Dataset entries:
►

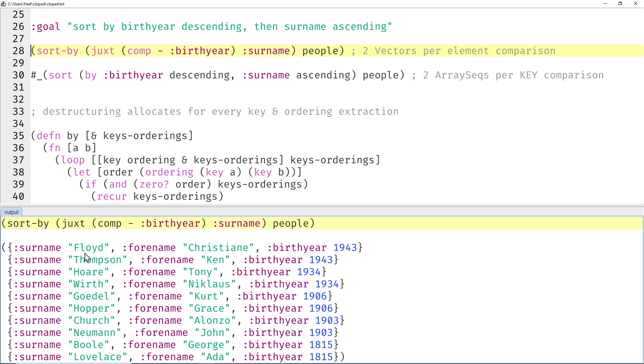Last time we sorted a bunch of people by birth year descending, and within the same birth year by surname ascending, and that worked quite beautifully.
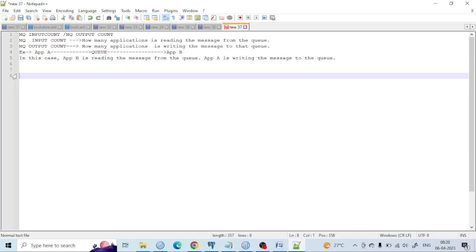Hello, welcome back. Today we are going to learn an important topic: MQ input count and MQ output count. Input count is how many applications are reading messages from the queue, and output count is how many applications are writing messages to that queue.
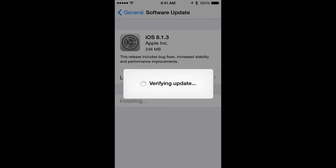It'll take a short while depending upon your connection — that'd be a good time to go get a cup of coffee, popcorn, whatever... tea, maybe you're into tea. You can find something else to do while you're waiting. It usually doesn't take very long to verify the update.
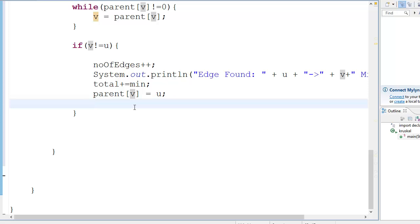You can consider it vice versa also because in a non-directed graph, suppose one and two are connected - either two can be the parent of one or one can be the parent of two. It doesn't matter, it's a non-directed graph. If it was a directed graph it does matter.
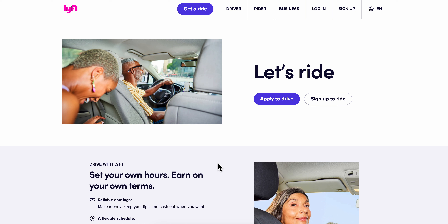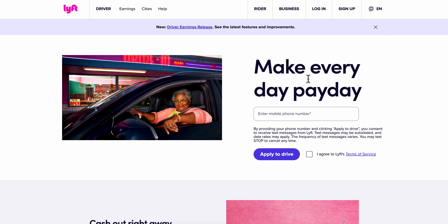How to create a Lyft driver account. All you have to do is simply go to Lyft and then click on 'Apply to Drive.' The next step is to simply enter your mobile phone number.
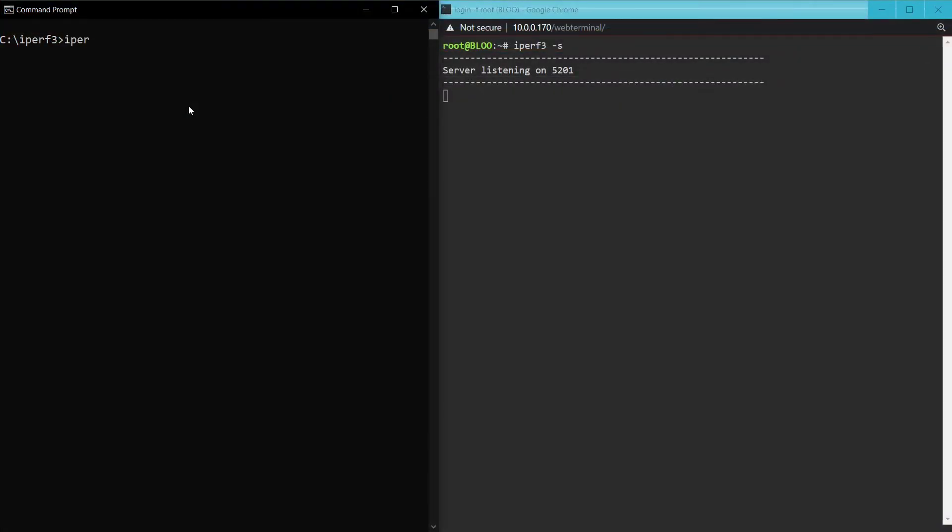Now I'm going to show the Active Backup Bond going active as I run this iperf3 test.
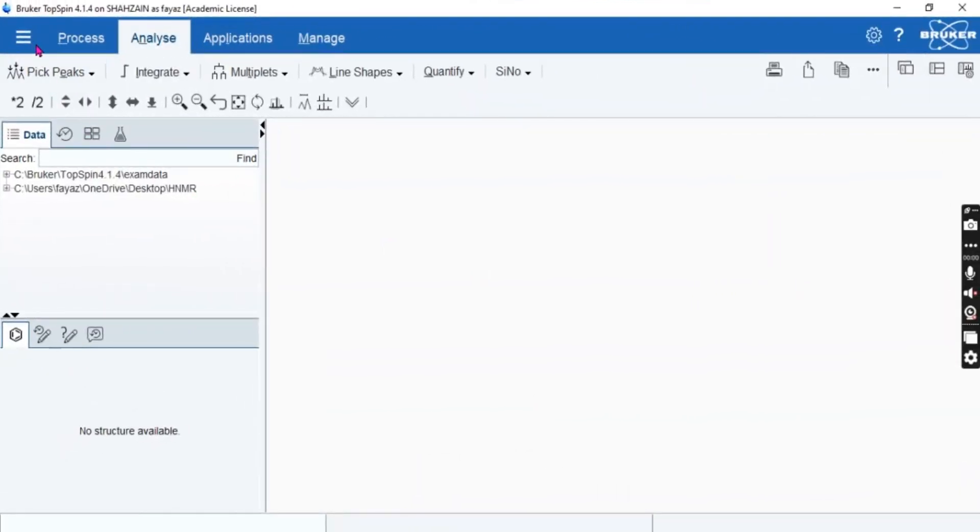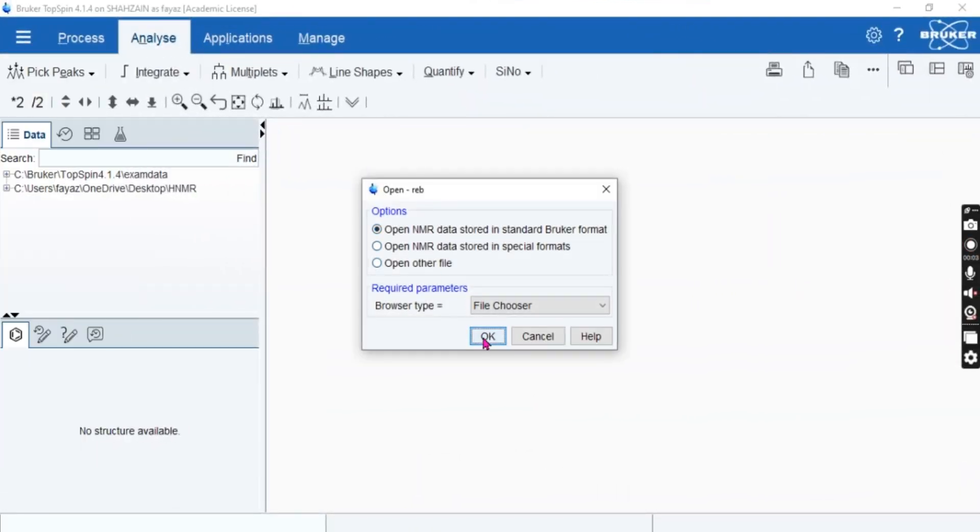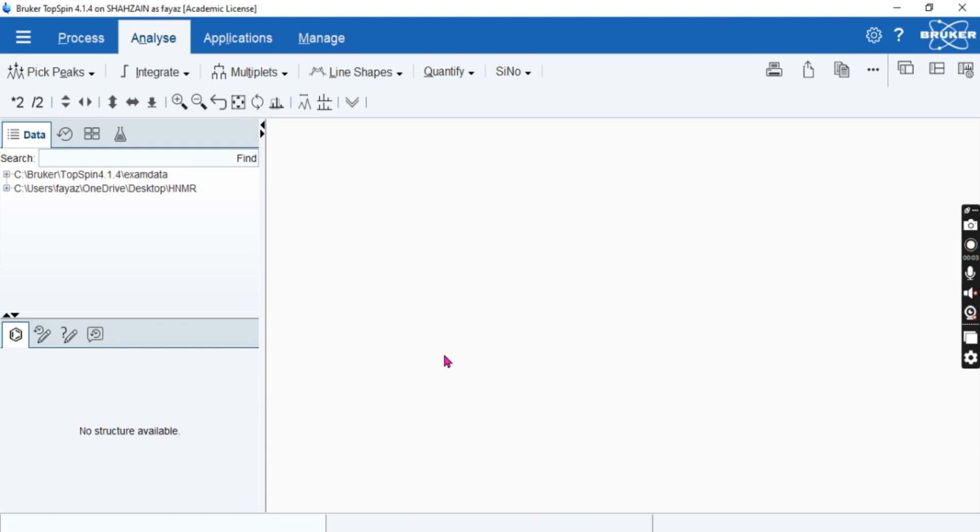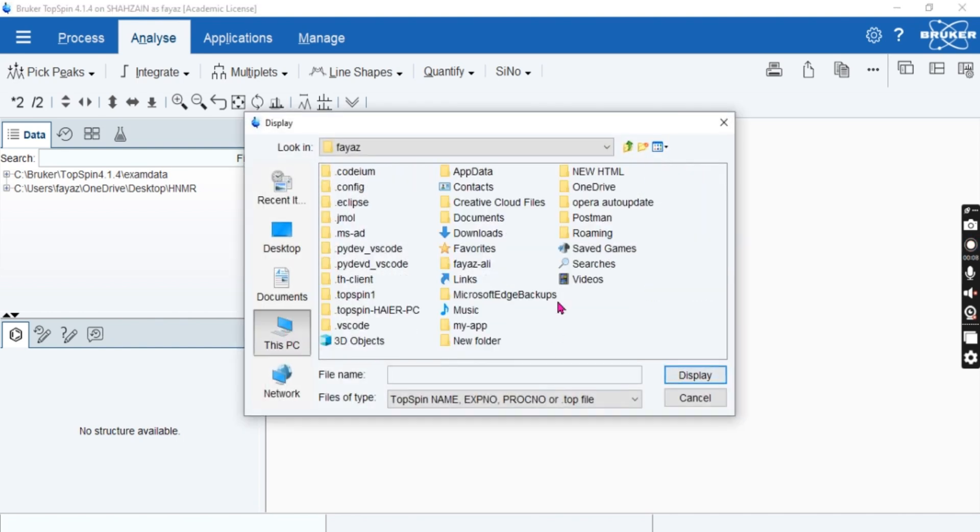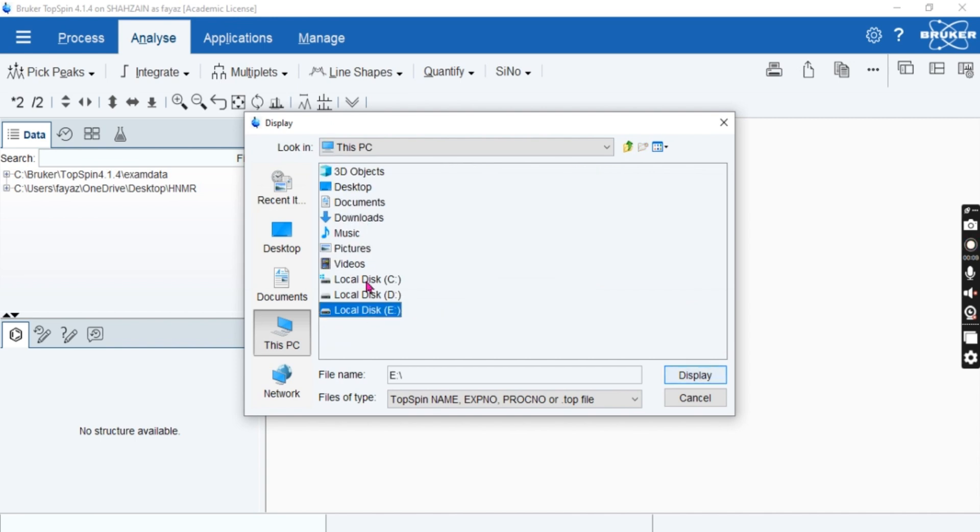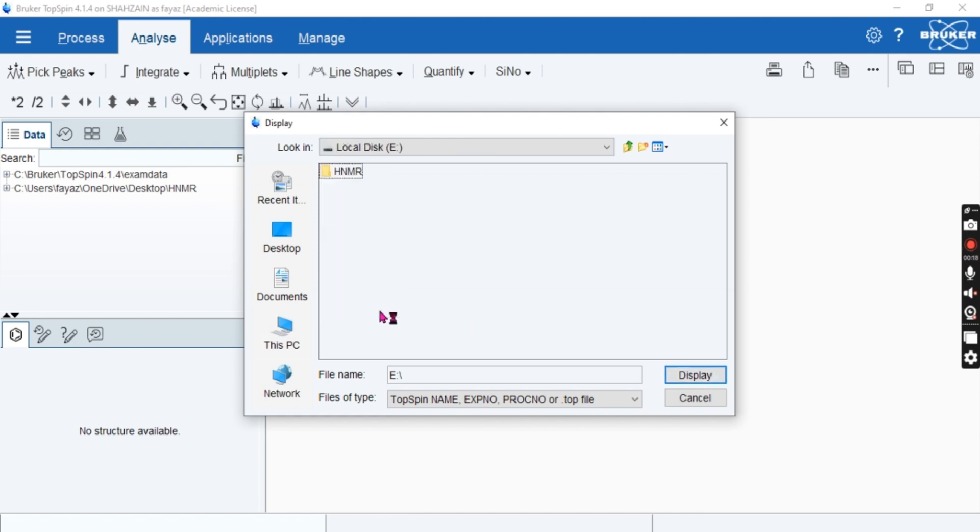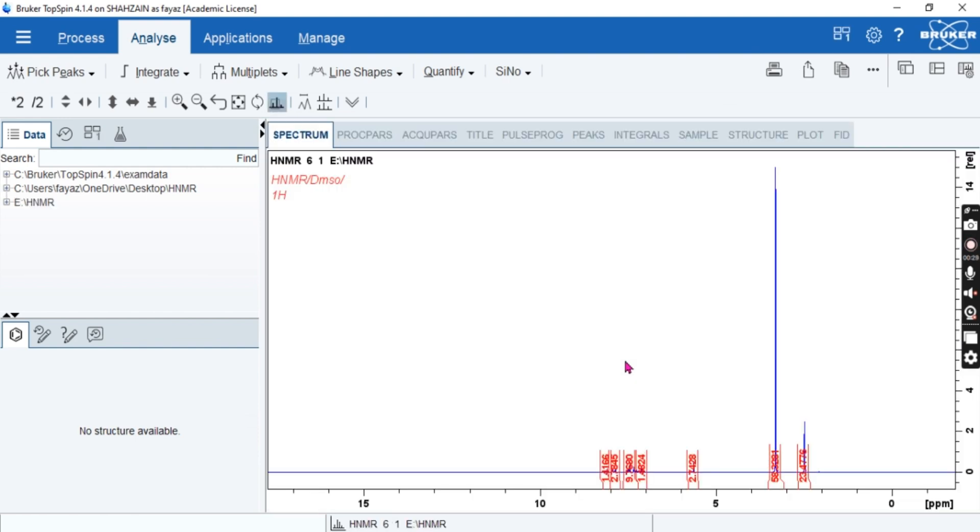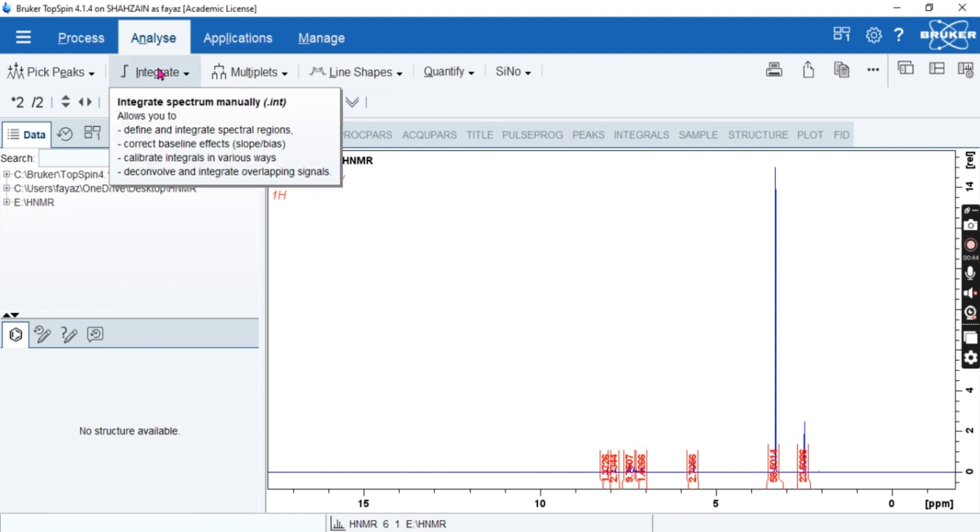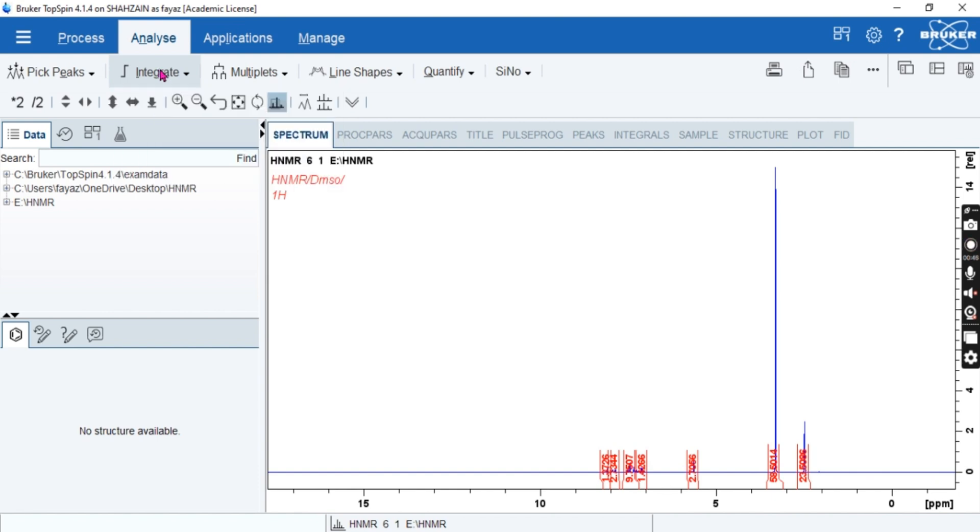So let's start the NMR. First of all we have to open the data or the FID data. Then we will have the NMR data and let's open it. So we have opened and we have set the APK and ABC for absorbance.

◄

Please transcribe word for word the lines from the one bearing "Now I'm going" through the last line of the records above, omitting the pictures.

* **ANSWER BOX**
Now I'm going to show the Active Backup Bond going active as I run this iperf3 test.
So let's start the NMR. First of all we have to open the data or the FID data. Then we will have the NMR data and let's open it. So we have opened and we have set the APK and ABC for absorbance.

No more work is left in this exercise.